What the task requires:
Given these entries, repeat exactly the lines starting with the one that has "Today I want" and going on through the one that has "Here there's a", both included, but none of the pictures.

Data listing:
_____

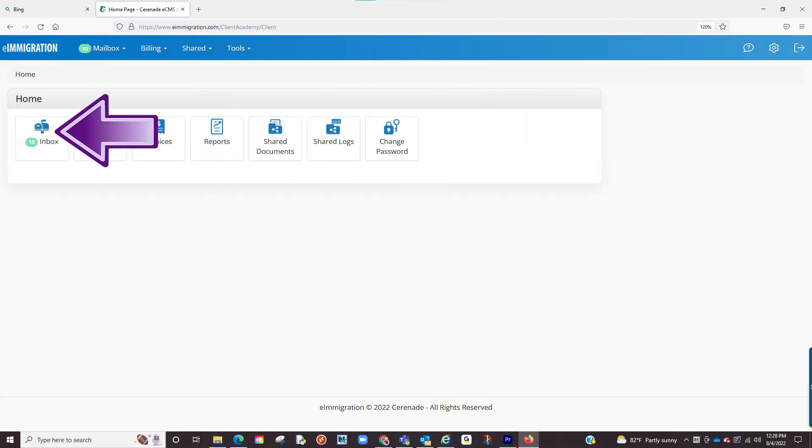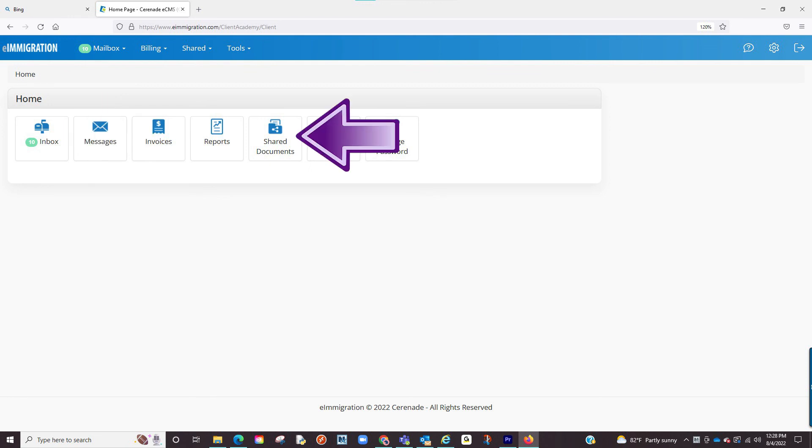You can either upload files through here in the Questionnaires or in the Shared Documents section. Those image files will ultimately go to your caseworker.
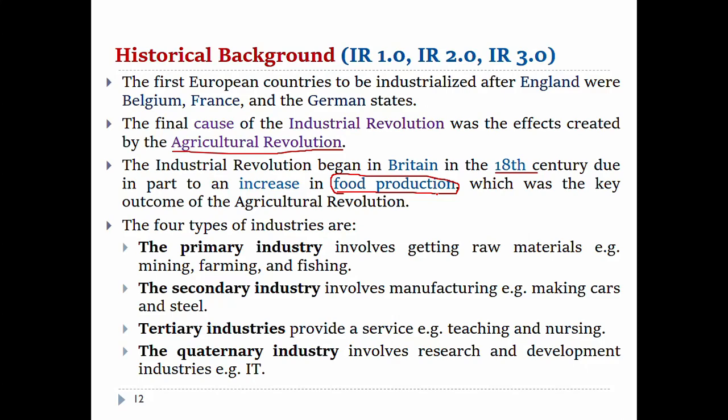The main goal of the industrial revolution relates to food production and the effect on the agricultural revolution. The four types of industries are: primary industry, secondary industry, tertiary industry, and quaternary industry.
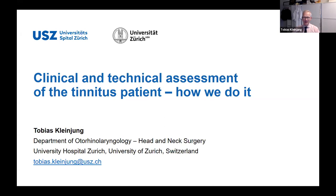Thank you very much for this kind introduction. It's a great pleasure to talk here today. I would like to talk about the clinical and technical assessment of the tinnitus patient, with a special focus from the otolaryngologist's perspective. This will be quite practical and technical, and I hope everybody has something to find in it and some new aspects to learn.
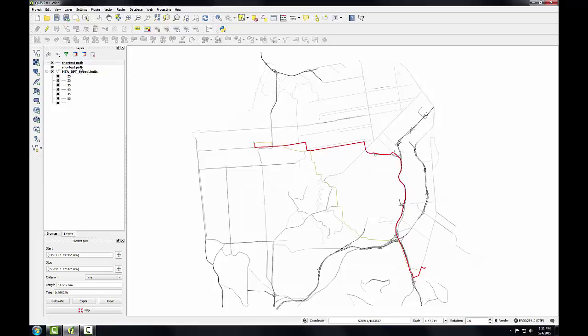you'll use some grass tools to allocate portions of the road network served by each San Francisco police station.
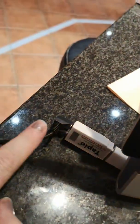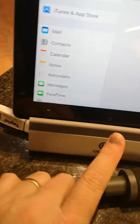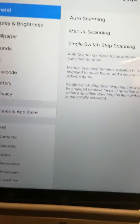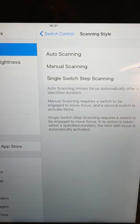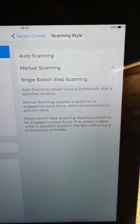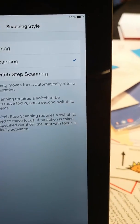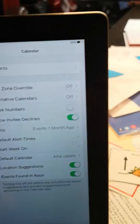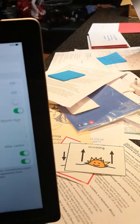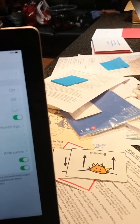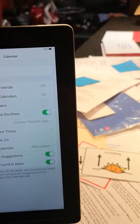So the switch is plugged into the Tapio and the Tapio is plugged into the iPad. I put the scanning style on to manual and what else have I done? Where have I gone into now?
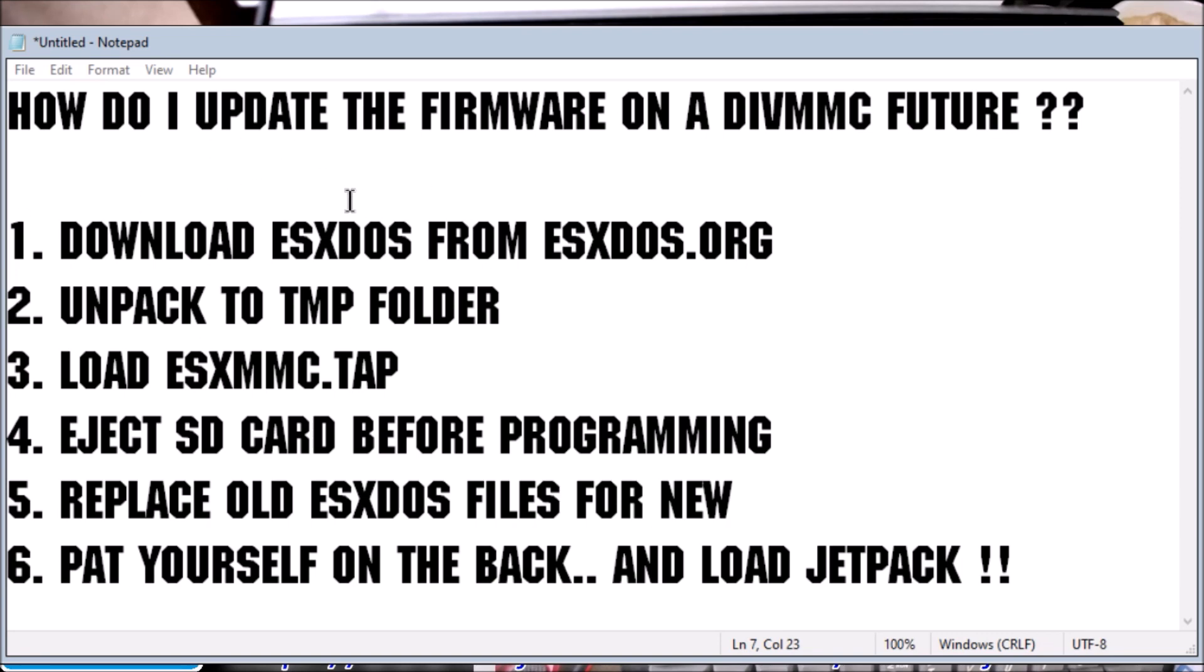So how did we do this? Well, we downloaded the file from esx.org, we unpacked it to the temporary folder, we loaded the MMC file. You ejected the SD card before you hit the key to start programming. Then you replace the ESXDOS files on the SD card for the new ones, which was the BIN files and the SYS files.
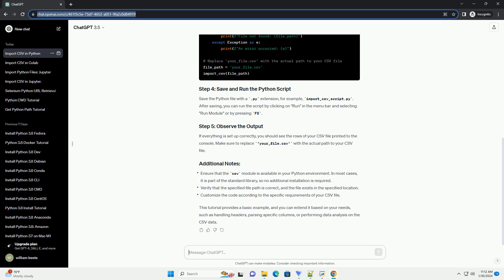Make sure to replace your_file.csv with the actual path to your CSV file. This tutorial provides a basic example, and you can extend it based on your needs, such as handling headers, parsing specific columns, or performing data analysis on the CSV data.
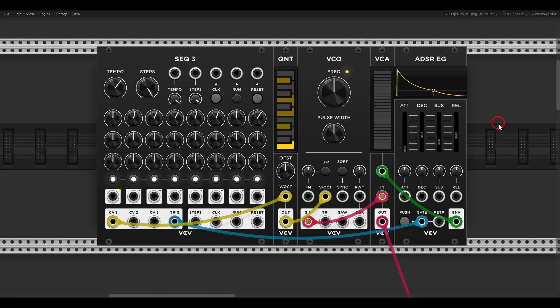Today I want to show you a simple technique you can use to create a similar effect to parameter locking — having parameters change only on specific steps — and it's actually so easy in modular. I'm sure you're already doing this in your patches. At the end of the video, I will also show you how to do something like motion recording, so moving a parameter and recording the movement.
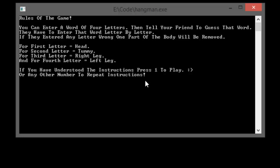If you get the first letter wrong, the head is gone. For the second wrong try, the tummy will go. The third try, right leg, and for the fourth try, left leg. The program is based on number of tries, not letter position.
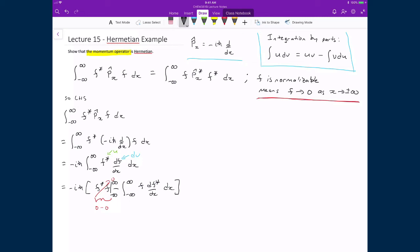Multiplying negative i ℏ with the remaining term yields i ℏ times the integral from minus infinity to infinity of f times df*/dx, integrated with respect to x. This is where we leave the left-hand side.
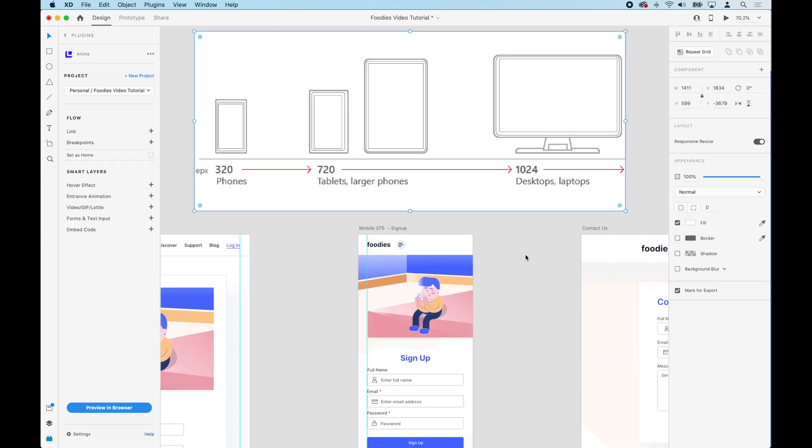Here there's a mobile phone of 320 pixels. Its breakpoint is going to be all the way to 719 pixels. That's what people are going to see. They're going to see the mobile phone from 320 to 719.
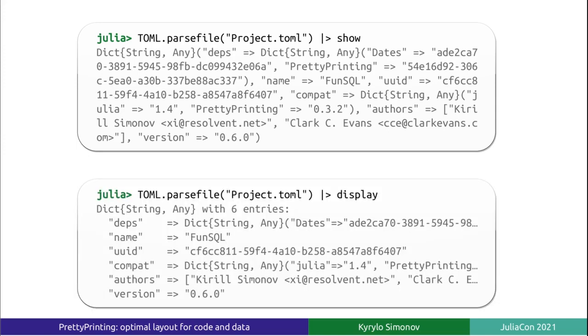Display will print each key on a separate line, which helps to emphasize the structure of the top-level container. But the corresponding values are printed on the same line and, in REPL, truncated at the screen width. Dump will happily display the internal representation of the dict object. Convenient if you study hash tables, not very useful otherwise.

_____

Answer below:
Today I want to show you a simple technique you can use to create a similar effect to parameter locking — having parameters change only on specific steps — and it's actually so easy in modular. I'm sure you're already doing this in your patches. At the end of the video, I will also show you how to do something like motion recording, so moving a parameter and recording the movement.
If you get the first letter wrong, the head is gone. For the second wrong try, the tummy will go. The third try, right leg, and for the fourth try, left leg. The program is based on number of tries, not letter position.
Multiplying negative i ℏ with the remaining term yields i ℏ times the integral from minus infinity to infinity of f times df*/dx, integrated with respect to x. This is where we leave the left-hand side.
Here there's a mobile phone of 320 pixels. Its breakpoint is going to be all the way to 719 pixels. That's what people are going to see. They're going to see the mobile phone from 320 to 719.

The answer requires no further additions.